The supreme court of the state applied these principles. It held that an irrevocable contract for specific rates was not indispensable to the other powers with which the cities of the state were invested. And a distinction was made between a contract which related to a governmental function, which the regulation of rates was said to be, and a contract which related to franchises which, though public in their nature, yet were not governmental, which the supply of water was said to be. This distinction, it was held, the statutes of 1872 observed, and gave the power to make one kind of contract, but not the other,-the power to contract for a supply of water, but not the power to contract 'to pay a fixed and unalterable rate for thirty years.' This was deduced from the silence of the statute of the 9th of April and the necessity of resolving all ambiguities in favor of the public. But ambiguity disappears, it was said, when the statute of the 9th was considered with the statute of the 10th, as it necessarily had to be, as the statutes were 'in pari materia, and should be construed together.' Section 1 of the act of the 10th of April 'authorizes,' the court said, 'the city council to empower a private corporation to construct and maintain waterworks at such rates as may be fixed by ordinance. The meaning of this language is not that the waterworks are to be maintained at such established rate as may be fixed by one ordinance for a period not exceeding thirty years. The clause, 'for a period not exceeding thirty years,' qualifies the words [180 U.S. 587, 599] construct and maintain the same,' but does not qualify the words 'at such rates as may be fixed by ordinance."

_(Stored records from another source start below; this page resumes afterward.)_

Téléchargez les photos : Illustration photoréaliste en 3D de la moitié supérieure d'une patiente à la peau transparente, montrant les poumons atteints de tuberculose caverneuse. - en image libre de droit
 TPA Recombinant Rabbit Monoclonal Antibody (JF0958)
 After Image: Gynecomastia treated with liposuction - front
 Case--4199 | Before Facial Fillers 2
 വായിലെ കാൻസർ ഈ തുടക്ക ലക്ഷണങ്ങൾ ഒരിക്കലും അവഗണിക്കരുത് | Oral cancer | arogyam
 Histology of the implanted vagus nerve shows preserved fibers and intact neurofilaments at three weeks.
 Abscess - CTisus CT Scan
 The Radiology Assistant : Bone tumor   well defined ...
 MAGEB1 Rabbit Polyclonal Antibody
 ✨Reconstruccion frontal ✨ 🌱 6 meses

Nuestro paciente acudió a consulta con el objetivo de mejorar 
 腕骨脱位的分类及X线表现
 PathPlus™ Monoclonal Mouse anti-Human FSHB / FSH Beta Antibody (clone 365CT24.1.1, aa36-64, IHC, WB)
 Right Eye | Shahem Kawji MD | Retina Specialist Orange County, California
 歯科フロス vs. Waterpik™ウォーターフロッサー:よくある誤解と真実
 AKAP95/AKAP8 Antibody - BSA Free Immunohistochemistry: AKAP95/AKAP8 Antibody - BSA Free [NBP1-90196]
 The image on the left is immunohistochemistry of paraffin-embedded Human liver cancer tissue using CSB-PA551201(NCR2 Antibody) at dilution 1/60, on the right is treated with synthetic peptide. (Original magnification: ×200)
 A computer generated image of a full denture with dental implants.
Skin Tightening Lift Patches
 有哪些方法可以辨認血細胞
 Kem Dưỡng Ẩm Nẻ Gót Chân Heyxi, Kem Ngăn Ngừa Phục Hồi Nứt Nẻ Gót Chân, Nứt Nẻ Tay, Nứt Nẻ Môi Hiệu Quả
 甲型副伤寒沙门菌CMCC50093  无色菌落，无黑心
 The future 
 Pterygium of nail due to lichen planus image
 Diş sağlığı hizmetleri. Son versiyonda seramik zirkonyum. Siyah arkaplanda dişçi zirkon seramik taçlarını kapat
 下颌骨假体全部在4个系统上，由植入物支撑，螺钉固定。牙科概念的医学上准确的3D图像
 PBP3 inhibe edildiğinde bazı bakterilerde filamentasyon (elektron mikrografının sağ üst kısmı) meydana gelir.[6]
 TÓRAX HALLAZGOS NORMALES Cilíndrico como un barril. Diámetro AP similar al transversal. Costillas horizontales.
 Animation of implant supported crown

The statutes are certainly ambiguous, and in resolving the ambiguity in favor of the public the court applied the rule declared in many cases. We said in the Railroad Commission Cases, 116 U.S. 307 , sub nom. Stone v. Farmers Loan & T. Co. 29 L. ed. 636, 6 Sup. Ct. Rep. 334, 388, 1191, by Chief Justice Waite, of the power of the regulation of rates:
These remarks are obviously applicable to the Illinois statutes. The question is whether the power given to the municipalities of the state was to be continuing or occasional, indeed only special in its purpose, intended to have but one exercise, and then bound in contract for thirty years. If the latter had been the intention it would have been natural to express it. The fullness of sovereignty can be taken for granted, and naturally would be and should be taken for granted. An example is afforded by the act of June 6, 1891. By that act the corporate authorities of any city which have authorized or shall authorize any individual, company, or corporation to supply water, 'be and are hereby empowered to prescribe by ordinance maximum rates and charges for the supply of water furnished by such individual, company, or corporation. . . .' There is no explicit provision for repetitions of the power,-none declaring the power conferred a continuing one. Who now doubts that it is? If rights were claimed and were pleading for a different interpretation, we might have to listen to them, but now, undisturbed by them, we yield without resistance to that meaning which the subject-matter demands in the absence of negativing words. [180 U.S. 587, 600] Our conclusion is that the powers conferred by the statutes of 1872 can, without straining, be construed as distributive. The city council was authorized to contract with any person or corporation to construct and maintain waterworks 'at such rates as may be fixed by ordinance, and for a period not exceeding thirty years.' The words, 'fixed by ordinance,' may be construed to mean by ordinance once for all to endure during the whole period of thirty years; or by ordinance from time to time as might be deemed necessary. Of the two constructions that must be adopted which is most favorable to the public, not that one which would so tie the hands of the council that the rates could not be adjusted as justice to both parties might require at a particular time.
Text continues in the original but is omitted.